Je ne veux pas faire des habitant.e·s des quartiers populaires des sujets révolutionnaires par nature ou par essence, mais objectivement, parce qu’elles et ils sont au carrefour d’une exploitation capitaliste violente et en même temps d’un autoritarisme raciste indéniable, elles et ils ont toutes les raisons d’en découdre avec ce système néolibéral en cours de fascisation. Si les quartiers populaires en France, peuplés de gens du Sud global, sont les premières victimes du néolibéralisme, ce n’est pas sans lien avec cette histoire mondiale. Le pays qui a servi de laboratoire au néolibéralisme, c’est le Chili sous Pinochet dans les années 1970. En 1975, c’est là où on en expérimente les grandes lignes, ce qui montre, pour celles et ceux qui en douteraient encore, que l’État néolibéral capitaliste, probourgeois, et l’État fasciste, tortionnaire, dictatorial et militaire, ça se marie très bien ensemble.

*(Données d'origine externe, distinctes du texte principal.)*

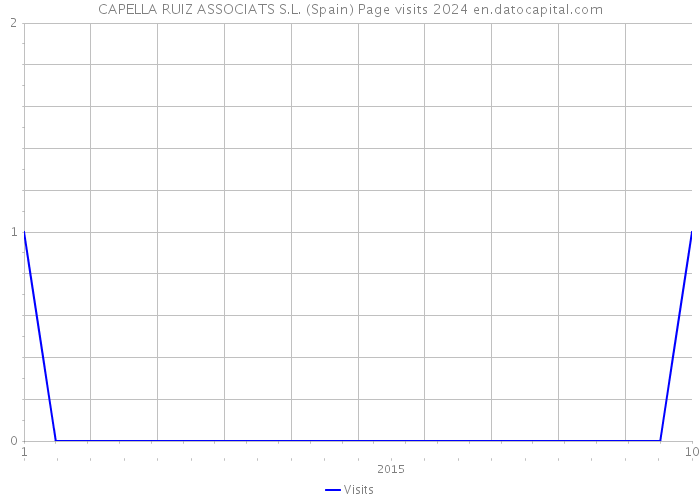 CAPELLA RUIZ ASSOCIATS S.L. (Spain) Page visits 2024 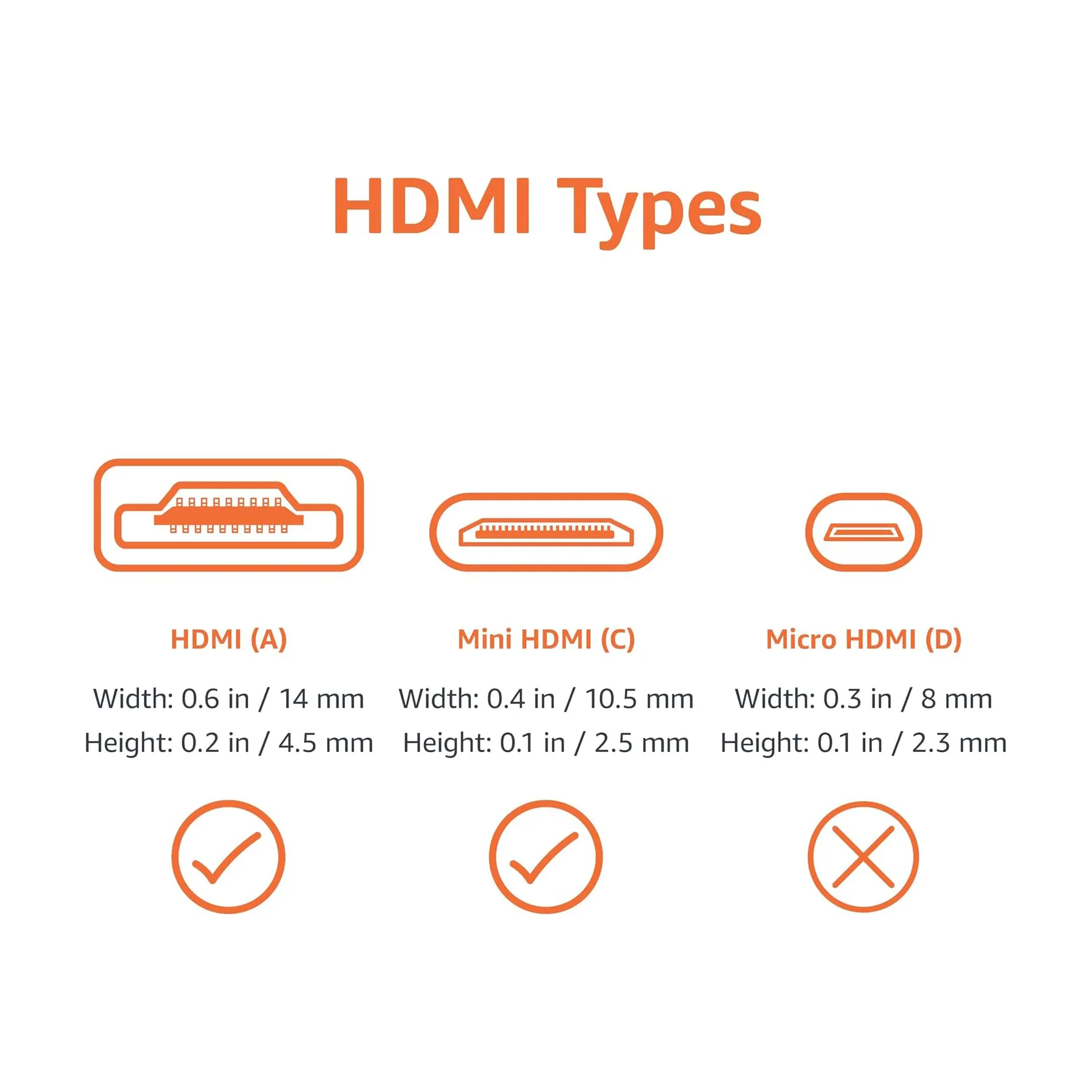 Amazon Basics High Speed Mini HDMI (Source) to HDMI (Display) Cable, 1.8 m, Black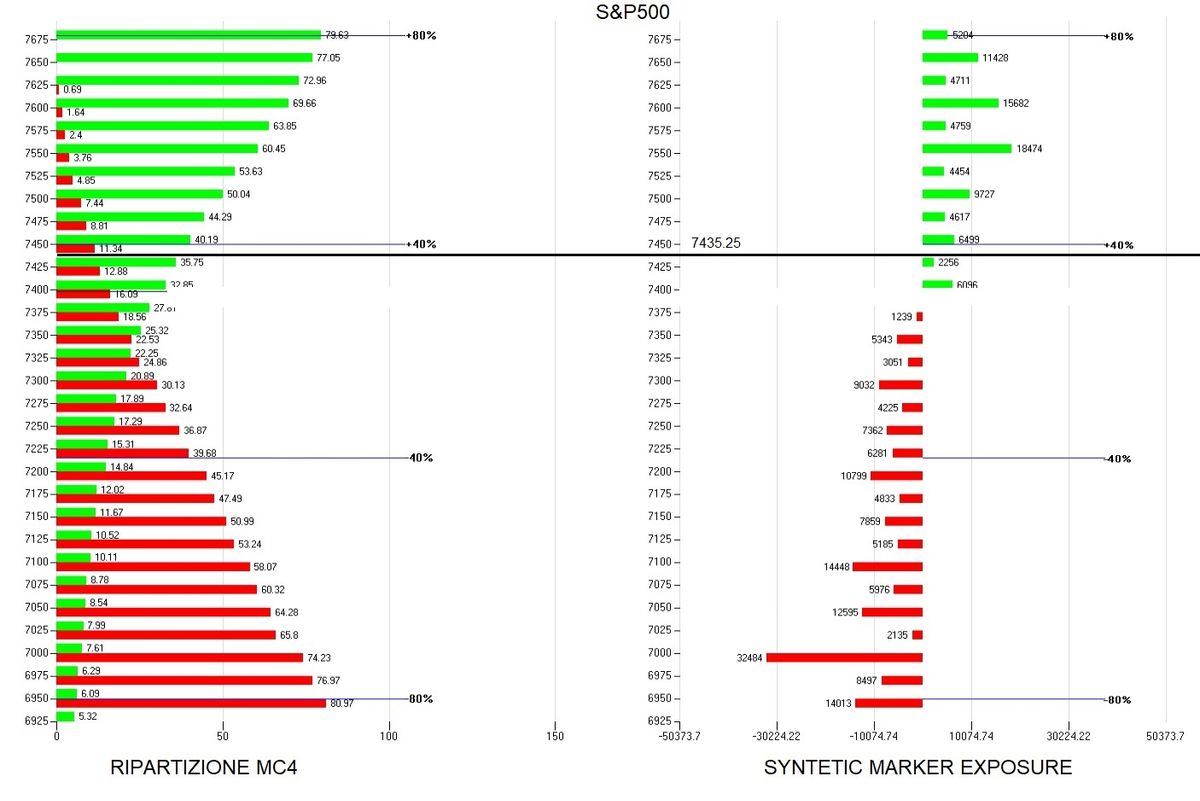 S&p 500, il rialzo rallenta ma la struttura non si rompe 2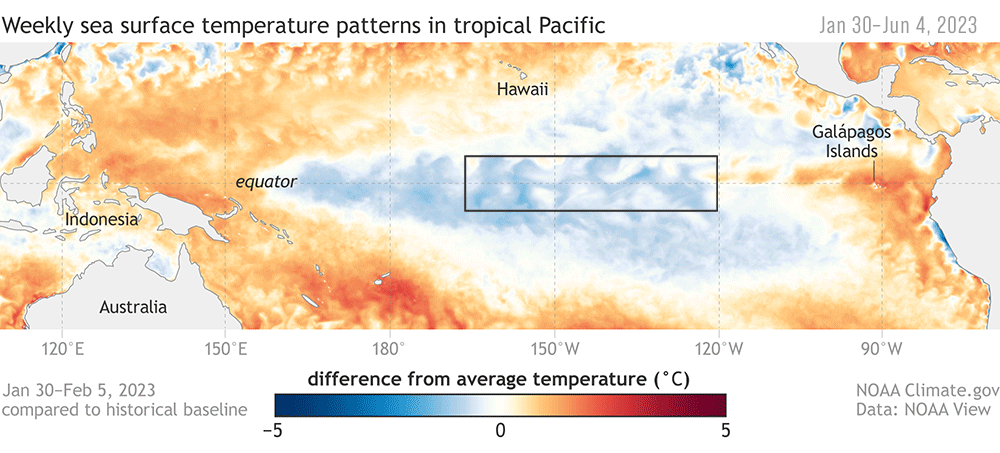 El Niño, Pacific Ocean, Weather, Climate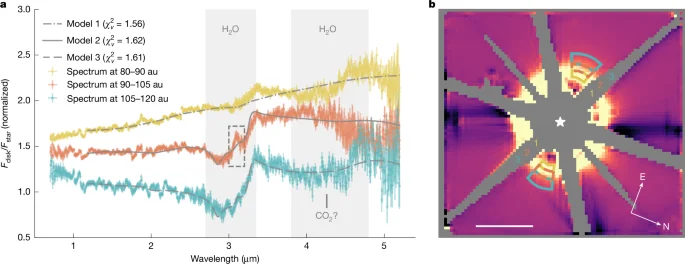 NASA’s Webb Telescope Uncovers Frozen Water in Distant Star System: A Glimpse into Our Solar System’s Past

Rien d’étonnant à ce que le potentiel de résistances puisse se révéler et exploser aux confins du monde blanc. Et en effet, ce n’est pas étonnant que, dans l’histoire, on ait des groupes racisés d’en bas de la hiérarchie raciale, qui se retrouvent aux avant-postes de la lutte antifasciste.
On peut dire sans risque que les Noir·e·s, les Arabes, les Tsiganes opèrent déjà des luttes antifascistes, même si elles et ils n’y accolent pas forcément le nom, car ils s’opposent dans tous leurs combats à la police et à l’armée d’un État fascisant. Restent les articulations qu’il faut construire avec toutes les résistances en cours ici, dans les Outre-mer colonisés et ailleurs dans le monde du Sud global, et qui sont si nécessaires à la perspective d’un monde déracialisé et conjuguant toutes les égalités.
Notes
[1] Saïd Bouamama, Des classes dangereuses à l’ennemi intérieur, Syllepse, Paris, 2021.

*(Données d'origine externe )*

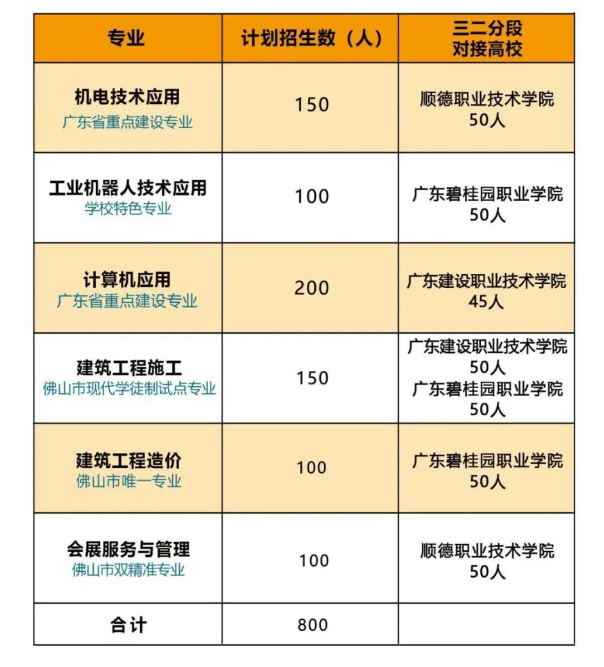 順德區北滘職業技術學校2023年招生計劃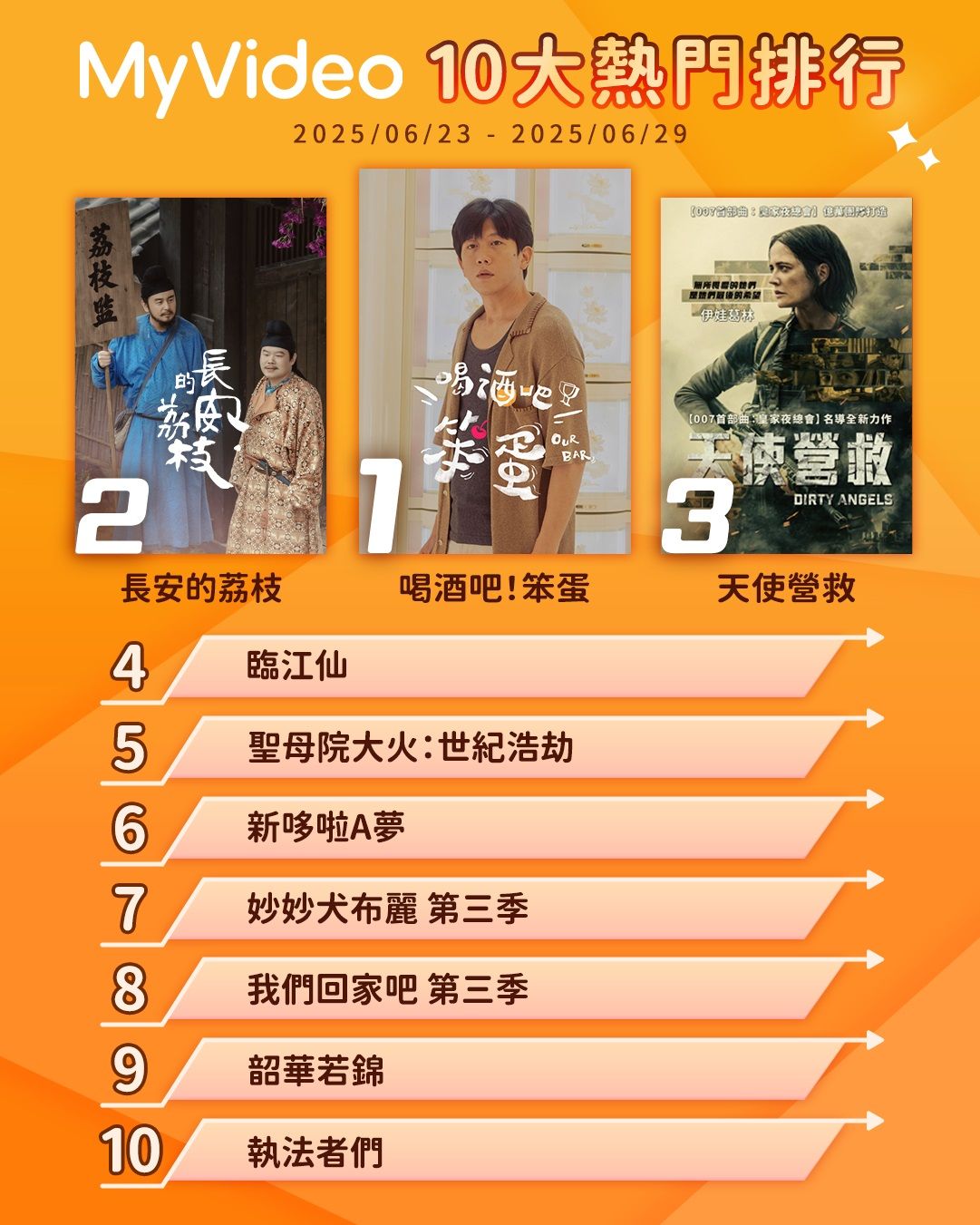 ▲▼MyVideo收視週榜（6/23-6/29）。（圖／MyVideo提供）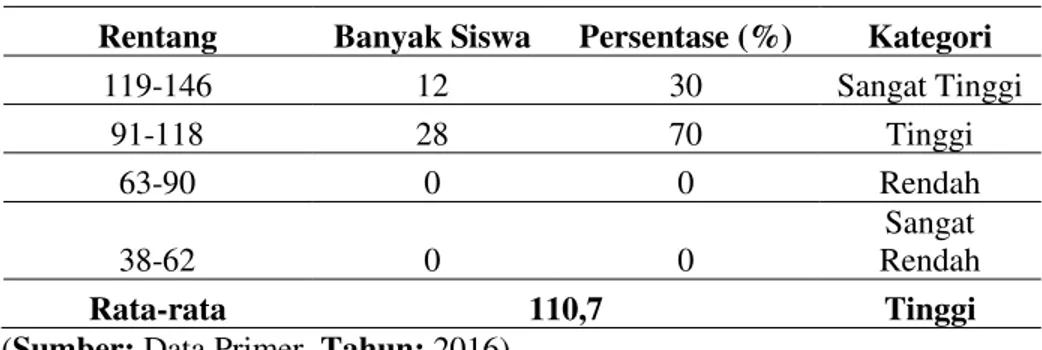 Tabel 2. Data Angket MSSE Siswa 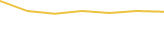 Price Graph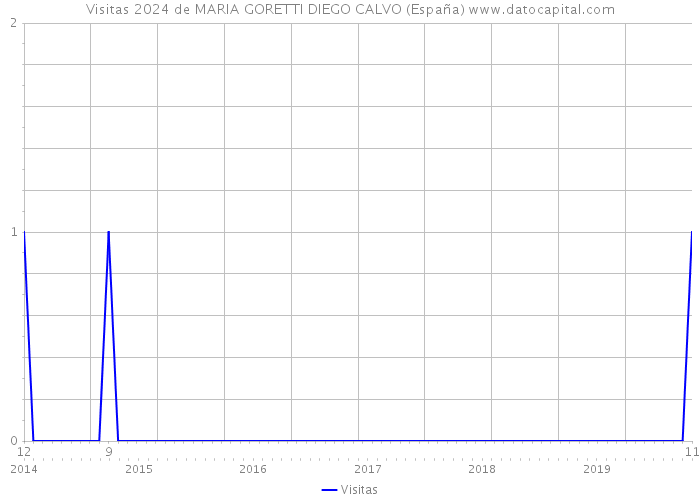 Visitas 2024 de MARIA GORETTI DIEGO CALVO (España)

[2] Olivier Le Cour Grandmaison, « Ennemis mortels ». Représentations de l’islam et politiques musulmanes en France à l’ époque coloniale, La Découverte, Paris, 2019.
[3] Sur Oriana Fallaci, voir Bruno Cousin et Tommaso Vitale, « Les intellectuels italiens et l’islamophobie », Contretemps, février 2012, URL : https://www.contretemps.eu/intellectuels-italiens-islamophobie/.
[4] Pierre Tévanian, Le Voile médiatique, un faux débat : « L’affaire du foulard islamique », Raisons d’agir, Paris, 2005.
[5] Pierre Bourdieu, « Un problème peut en cacher un autre. Réflexions sur les affaires de voile islamique », in Interventions, 1961- 2001. Science sociale & action politique, Éditions Agone, Marseille, 2002.
[6] Parti révolutionnaire noir fondé en 1966 à Oakland (Californie), notamment par Bobby Seale et Huey P. Newton.